## Data under study
-=-=-
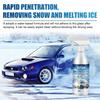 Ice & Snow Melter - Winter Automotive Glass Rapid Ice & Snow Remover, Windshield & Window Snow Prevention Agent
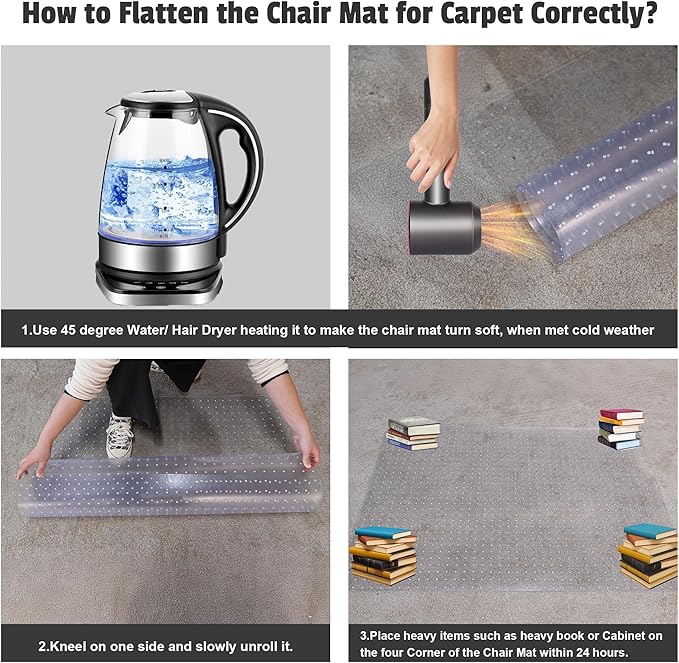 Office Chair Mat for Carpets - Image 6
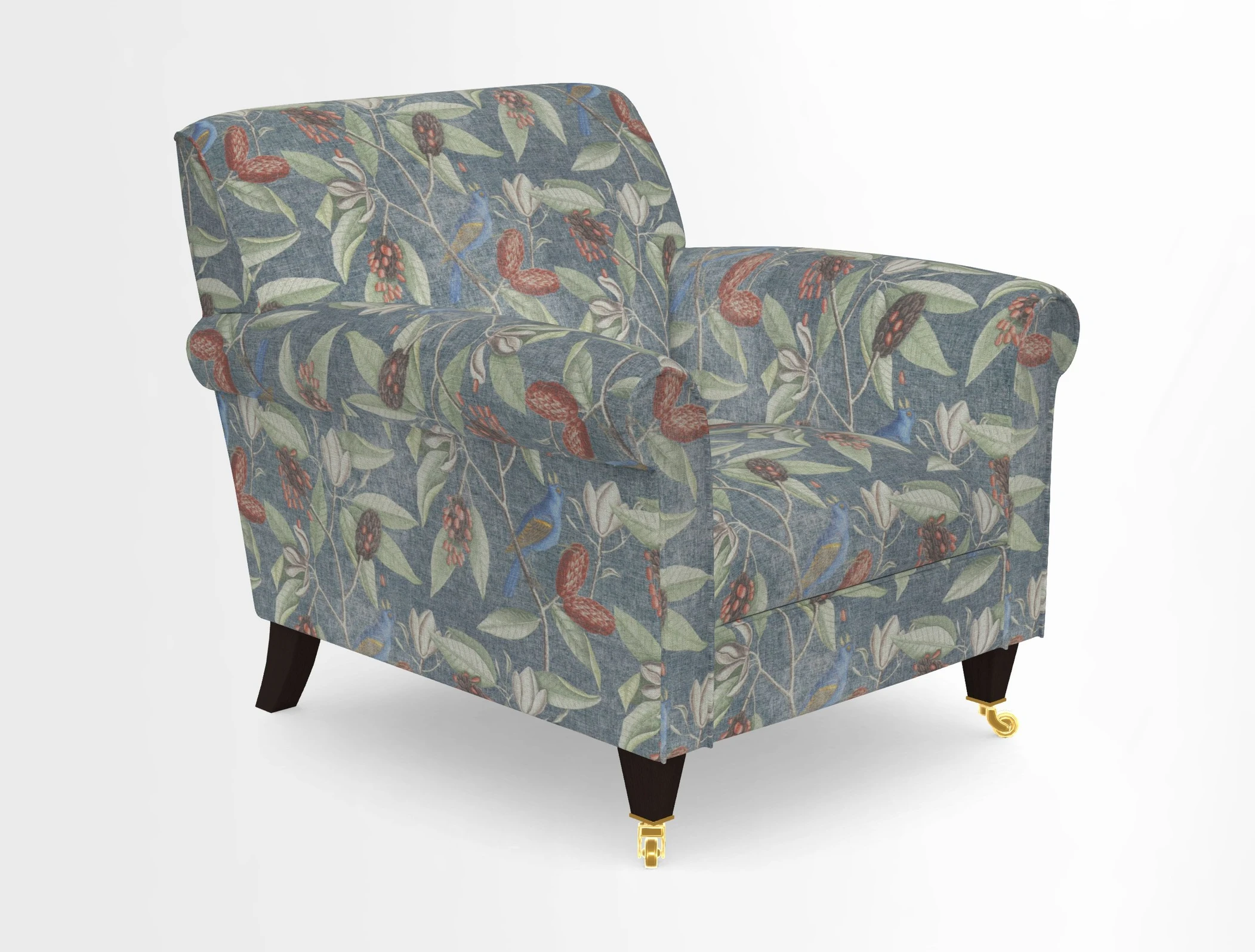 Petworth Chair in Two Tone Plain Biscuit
-=-=-
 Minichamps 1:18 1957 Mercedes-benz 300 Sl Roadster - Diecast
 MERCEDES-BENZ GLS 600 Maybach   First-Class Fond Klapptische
-=-=-
## Work to be completed
Everything above from the line containing "Minichamps 1:18 1957" down to the line containing "MERCEDES-BENZ GLS 600" should be copied exactly, both end lines included, and nothing else.

## Task response
 Minichamps 1:18 1957 Mercedes-benz 300 Sl Roadster - Diecast
 MERCEDES-BENZ GLS 600 Maybach   First-Class Fond Klapptische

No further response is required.